Un’altra componente fondamentale dell’LLMrefs Tracker è la possibilità di analizzare le citazioni e le fonti: non si limita a dire se il brand è stato menzionato, ma mostra quali URL o contenuti specifici vengono usati dai modelli come riferimento. Questo tipo di informazione permette alle aziende di capire con precisione quali pagine funzionano bene, quali hanno bisogno di ottimizzazione e quali potrebbero servire per rinforzare la propria autorevolezza agli occhi dei modelli di AI. In un contesto dove la qualità, la struttura dei contenuti e la credibilità delle fonti contano molto, sapere quali articoli o sezioni del sito vengono effettivamente citati può diventare una guida preziosa per la produzione di contenuti futuri.

Il nuovo tracker non manca inoltre di offrire strumenti di benchmarking competitivo. Non si tratta semplicemente di monitorare la propria visibilità, ma di confrontarla con quella dei rivali. Confronti come questi sono sempre stati alla base delle strategie di marketing e SEO, ma ora si spostano in un nuovo terreno: non più solo chi appare più in alto nei risultati di Google, ma chi viene citato più spesso nelle risposte generate dalle AI. Questa metrica, definita in alcuni casi come share of voice in AI search, diventa un indicatore chiave per capire quanto un brand sia radicato nell’ecosistema emergente dell’informazione generata dall’intelligenza artificiale.

Un altro aspetto interessante introdotto da LLMrefs è la capacità di stimare l’“AI search volume” delle parole chiave monitorate. Questo concetto rappresenta una sorta di evoluzione di quello tradizionale di volume di ricerca: non si guarda più soltanto a quante persone cercano una parola chiave su Google, ma a quante volte gli assistenti di IA rispondono a domande legate a quel concetto.

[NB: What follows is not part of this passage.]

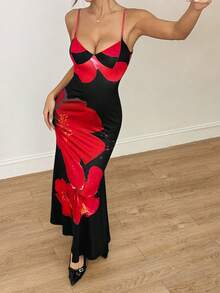 SHEIN PETITE Women's Fashionable Printed Sleeveless Dress, Summer Red And Black Dress - Brown - View 3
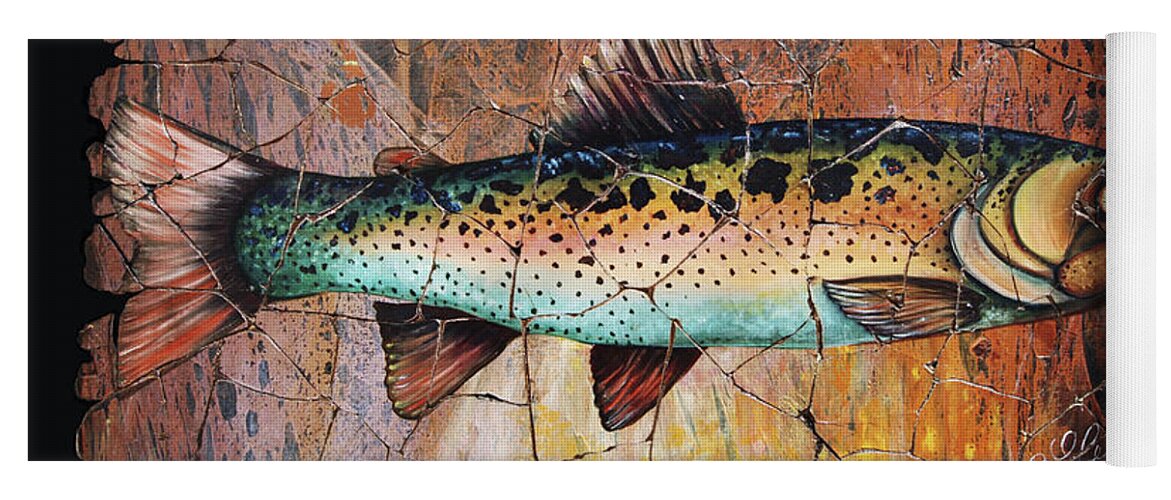Red Trout Fresco Transparent Fresco Yoga Mat featuring the painting Red Trout Fresco Black Background by OLena Art by Lena Owens - Vibrant DESIGN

Questa metrica aiuta i team di marketing a capire quali argomenti sono più discussi e ricercati in contesti conversazionali e a pianificare la propria strategia di contenuto di conseguenza.

L’importanza di strumenti come questo emerge in un momento in cui la ricerca basata su AI rappresenta sempre più un fronte strategico per la scoperta di informazioni online. Gli utenti non si limitano più a digitare query nei motori di ricerca, ma conversano con assistenti intelligenti che sintetizzano risposte in linguaggio naturale. Per i brand, comparire nelle risposte di queste intelligenze artificiali significa partecipare attivamente alla conversazione digitale, raggiungendo gli utenti proprio nel punto in cui stanno formulando domande e prendendo decisioni d’acquisto o di informazione.